—Hombre, tanto como sorprenderme, tampoco á mí, si bien se apura el caso; pero, vistas las condiciones extraordinarias del caballero, eso de no tragar al alcalde, al paso que á ti y á mí nos ruega que le visitemos á menudo, me parece, Pedro, me parece...
—Es verdad—dije, adivinando la intención de mi padre.—Pero, á todo esto—añadí, mientras caminábamos muy ufanos hacia nuestra casa,—¿quién será?
—Por lo que rezan los sobres de la correspondencia, que llega á montones para él á la cartería, el «Excelentísimo Señor Don Augusto Valenzuela».
—Ya lo sé—añadí.—Pero quiero yo decir qué pito tocará ese hombre en el mundo.
—Hijo—respondióme mi padre humillando la cabeza,—sobre ese particular nada puedo yo decirte en este momento; pero—añadió, irguiéndose con la fuerza de un profundísimo convencimiento,—¡pito muy principal debe de ser!
V
No se le cocía el pan á mi padre hasta hablar otra vez con aquel caballero tan atento y campechano que le había pedido á él, pobre y obscuro fidalguete de lugar, la merced de sus visitas. Así fué que le hicimos la segunda sin cumplirse dos días desde que tan satisfechos salimos de la primera.

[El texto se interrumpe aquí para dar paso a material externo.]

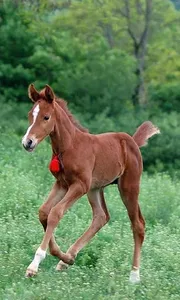 500 Amazing Horse Pictures HD screenshot 7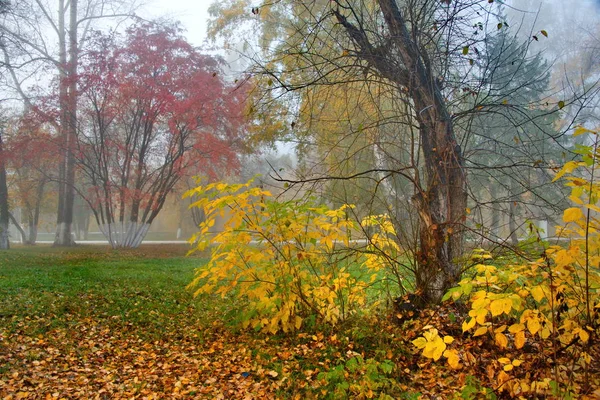 Rosja Południe Zachodniej Syberii Mglisty Poranek City Park — Zdjęcie stockowe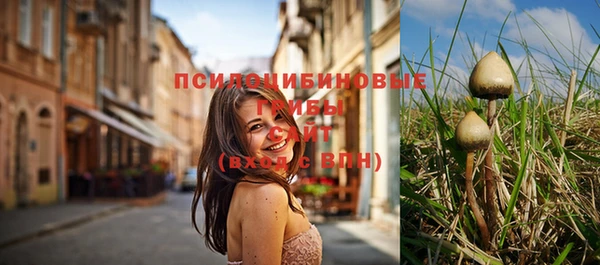 бутират Кодинск
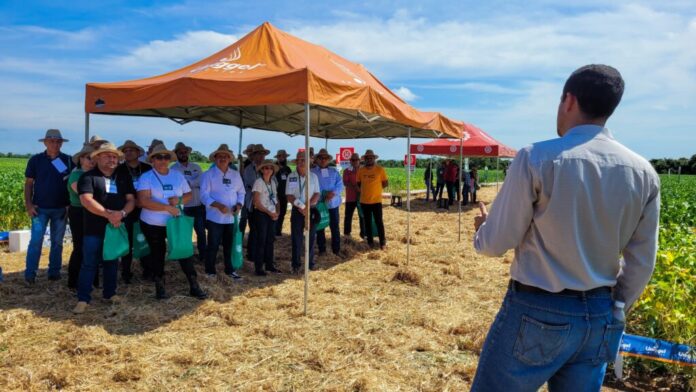 Jornada Tecnológica de Pedro Afonso impulsiona a produtividade de soja na região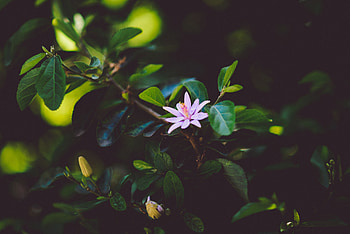 Flowers, Leaves, Flower, Bloom, Flowering, Branch HD wallpaper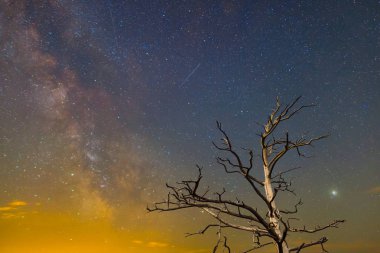 yıldızlı gökyüzü arka planda, gece çekimi portre kuru ağaç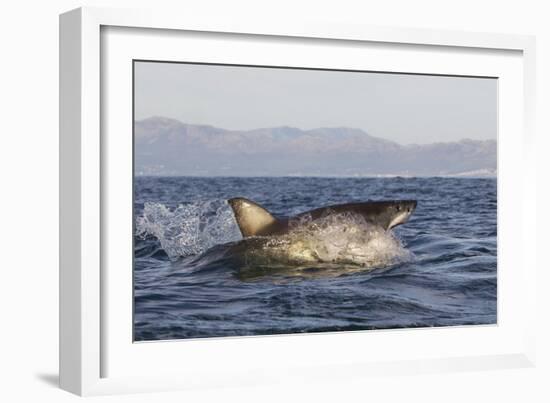 Great White Shark (Carcharodon Carcharias)-David Jenkins-Framed Photographic Print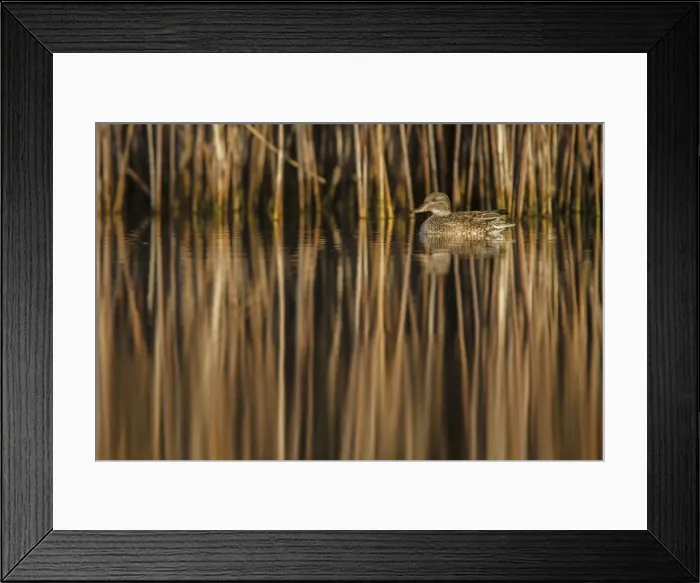 Framed Print : Picture No. 11806790 Framed Print : Picture No. 11806790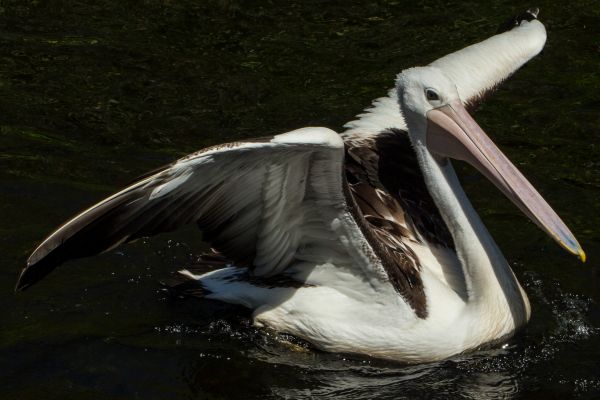 Vögel, Tiere, Tierwelt, Schnabel, Wasser, Park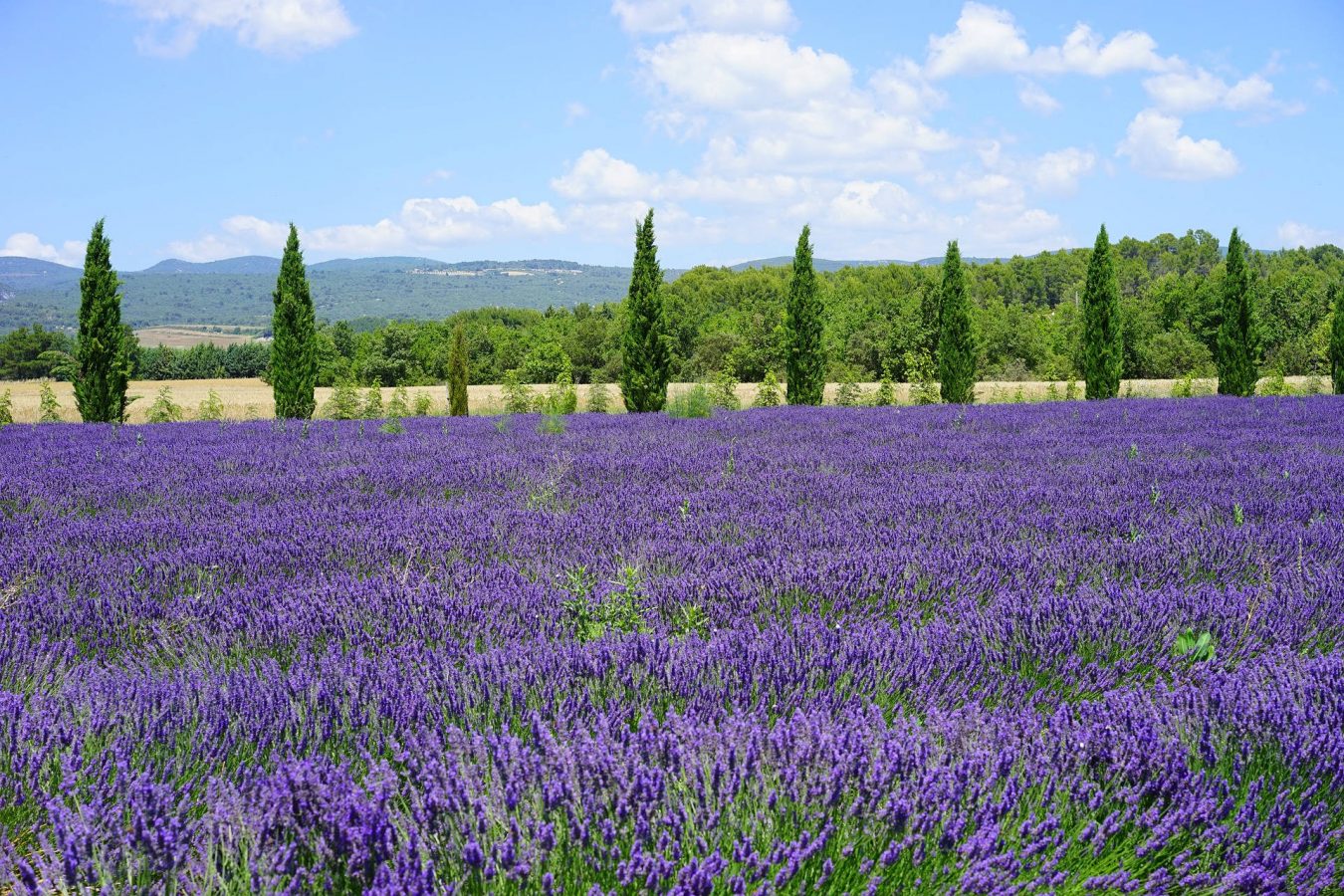 Lavender field.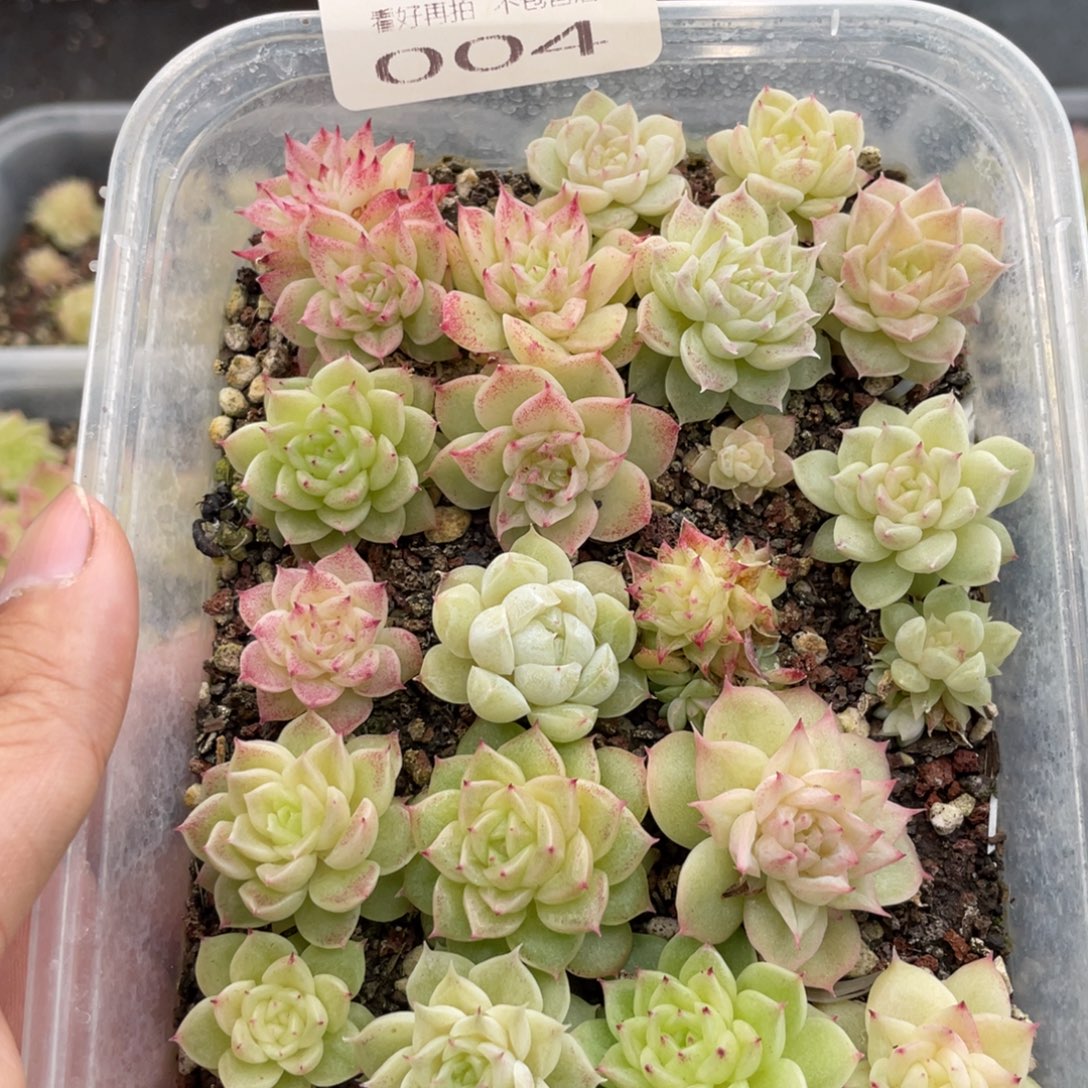 ****云糕大上多肉植物004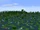 Panorama Shire Marshes.png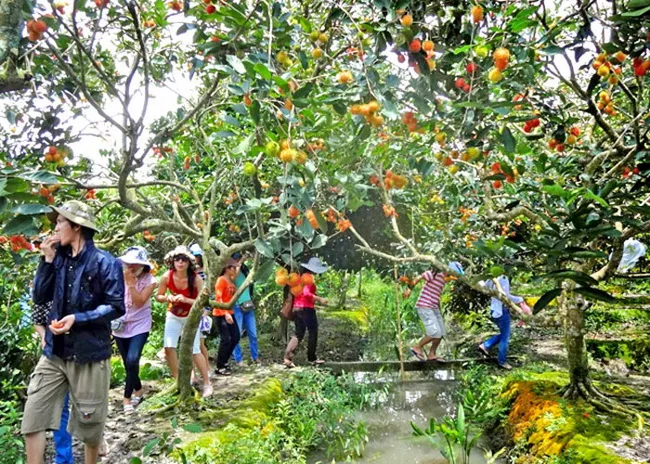 Vườn cây ăn trái Trung An: vượt khó khăn gầy dựng lại vườn 2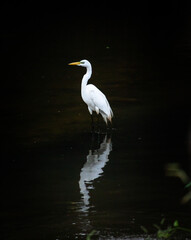 garça-branca - white heron reflecting in the water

Acababan de llegar, padre é hija, de la playa, donde habían pasado lo mejor de la tarde jugueteando con las olas, echando firmas en el arenal y acopiando cascaritas y pedrezuelas. Descansaban ambos de la fatigosa tarea cuando llegamos nosotros: el padre muy repantigado en un sillón, dándose aire con un periódico, y la hija arrimada á una mesa, sobre la cual clasificaba, por especies y tamaños, el pintoresco botín de su campaña.